The framework can replace intricated setups or heavy tools that could be difficult to learn or configure correctly, such as Celery, ActiveMQ, Sidekiq, Resque, delayed_job, or even RabbitMQ and Apache Kafka. Amazon SQS standard queues scale automatically and offer at-least-once delivery assurances, combining the best of both worlds.
Shipping soon for:
- β Python
- Node.js
- Rust
- Ruby
- JVM
- Publish and consume data payloads and MEGA events over Amazon SQS or Amazon SNS.
- Subscribe to specific events and messages using an expressive pattern-matching DSL.
- Scale publisher and subscriber processes independently and at your heart's desire.
- SNS notifications delivered over SQS are decoded transparently.
- Data payloads can be automatically encoded and decoded using Binary JSON (BSON) to save network bandwidth.
- Messages that fail to be processed can be automatically retried.

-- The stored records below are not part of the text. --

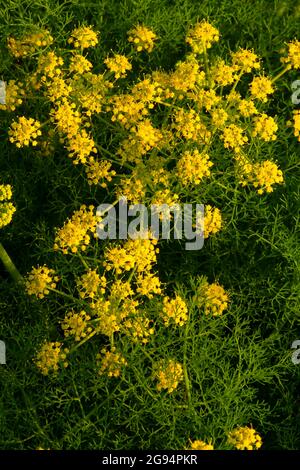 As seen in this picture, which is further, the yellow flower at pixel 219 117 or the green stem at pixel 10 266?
the green stem at pixel 10 266

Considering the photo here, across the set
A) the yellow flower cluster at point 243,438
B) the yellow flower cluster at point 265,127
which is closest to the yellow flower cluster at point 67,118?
the yellow flower cluster at point 265,127

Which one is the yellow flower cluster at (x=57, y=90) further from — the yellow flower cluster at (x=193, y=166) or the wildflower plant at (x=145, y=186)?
the yellow flower cluster at (x=193, y=166)

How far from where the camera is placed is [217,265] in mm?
4043

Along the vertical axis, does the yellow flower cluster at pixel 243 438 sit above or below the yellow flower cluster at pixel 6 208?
below

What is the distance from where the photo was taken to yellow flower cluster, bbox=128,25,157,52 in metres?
3.97

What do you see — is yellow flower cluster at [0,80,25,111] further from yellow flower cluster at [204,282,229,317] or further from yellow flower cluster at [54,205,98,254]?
yellow flower cluster at [204,282,229,317]

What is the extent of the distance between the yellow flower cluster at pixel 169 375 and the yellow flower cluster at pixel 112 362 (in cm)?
17

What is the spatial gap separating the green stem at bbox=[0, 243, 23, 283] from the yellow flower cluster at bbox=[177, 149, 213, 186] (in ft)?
3.11

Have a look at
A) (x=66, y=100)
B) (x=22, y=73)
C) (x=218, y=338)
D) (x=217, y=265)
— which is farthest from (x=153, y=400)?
(x=22, y=73)

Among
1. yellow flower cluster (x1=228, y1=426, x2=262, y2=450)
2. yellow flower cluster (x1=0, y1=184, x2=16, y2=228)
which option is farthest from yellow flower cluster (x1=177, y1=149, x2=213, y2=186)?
yellow flower cluster (x1=228, y1=426, x2=262, y2=450)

Different software processes typically communicate over packet networks, such as the Internet. For this communication to happen reliably, many protocols exist, but usually, they empower TCP or HTTP. A process that initiates the conversation (the client) sends a packet or request to another process (the server). The client expects an acknowledgment ("ACK") or response to be sent back on time. Otherwise, a timeout might happen.

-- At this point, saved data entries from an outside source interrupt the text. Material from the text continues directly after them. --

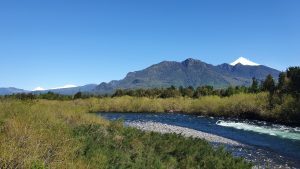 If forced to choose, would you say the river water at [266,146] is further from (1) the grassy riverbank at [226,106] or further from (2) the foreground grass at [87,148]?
(1) the grassy riverbank at [226,106]

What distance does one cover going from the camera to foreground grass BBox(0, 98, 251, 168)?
1008 centimetres

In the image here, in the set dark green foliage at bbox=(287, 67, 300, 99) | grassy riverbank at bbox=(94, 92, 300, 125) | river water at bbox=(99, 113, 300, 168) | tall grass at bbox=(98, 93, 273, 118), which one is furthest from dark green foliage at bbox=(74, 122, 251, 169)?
dark green foliage at bbox=(287, 67, 300, 99)

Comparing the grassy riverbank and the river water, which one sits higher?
the grassy riverbank

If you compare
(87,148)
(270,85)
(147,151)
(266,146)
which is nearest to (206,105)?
(270,85)

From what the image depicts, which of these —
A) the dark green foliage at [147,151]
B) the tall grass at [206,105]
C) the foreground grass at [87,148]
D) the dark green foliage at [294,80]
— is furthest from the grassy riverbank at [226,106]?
the dark green foliage at [147,151]

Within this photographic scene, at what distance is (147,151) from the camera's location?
57.7 ft

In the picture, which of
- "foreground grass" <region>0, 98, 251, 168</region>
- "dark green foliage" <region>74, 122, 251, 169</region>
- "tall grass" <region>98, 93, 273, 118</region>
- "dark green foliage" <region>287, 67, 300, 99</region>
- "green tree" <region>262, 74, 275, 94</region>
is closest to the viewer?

The Internet is an unreliable packet network that binds together many networks of several kinds. When two hosts try to communicate, packets may get lost or fail to be delivered. Timeouts are the only mechanism that can determine when this happens and are an essential feature of the Internet. TCP automatically resends packets that take too long to be acknowledged, but after some time it gives up. Clients using the HTTP protocol, which runs over TCP, also expect the server to send a response within a specific time frame. If this response is not received, an application error occurs.
Therefore, any software process that serves requests must respond to its clients promptly, to the risk of raising timeouts. Heavy processing that might take a long time to complete must not be executed as part of the request. Instead, intensive computing tasks should be scheduled to be processed later, without requiring clients to wait. When processing finishes, it may notify the client. We call this asynchronous communication or processing.
Asynchronous communication is a powerful technique that can allow distributed-systems such as service-oriented architectures or microservices to be fault-tolerant and scale well. Under this paradigm, services communicate using events. A service publishes an event to signal that something relevant happened; other services subscribe to these events and react to them accordingly. This pattern is known as event-streaming or Publish-Subscribe. One benefit is that it decouples services that produce events from services that consume events, allowing for horizontal scalability. Since communication happens asynchronously, it is also more flexible and tolerant of transient errors such as network timeouts.
Another feature of asynchronous communication is to allow scheduling of intensive computations to be executed in the background by other processes. We typically call this scheduling a task or job. The processes that create tasks are known as producers; by analogy, the consumers are processes that execute tasks asynchronously. This pattern is also known as Producer-Consumer.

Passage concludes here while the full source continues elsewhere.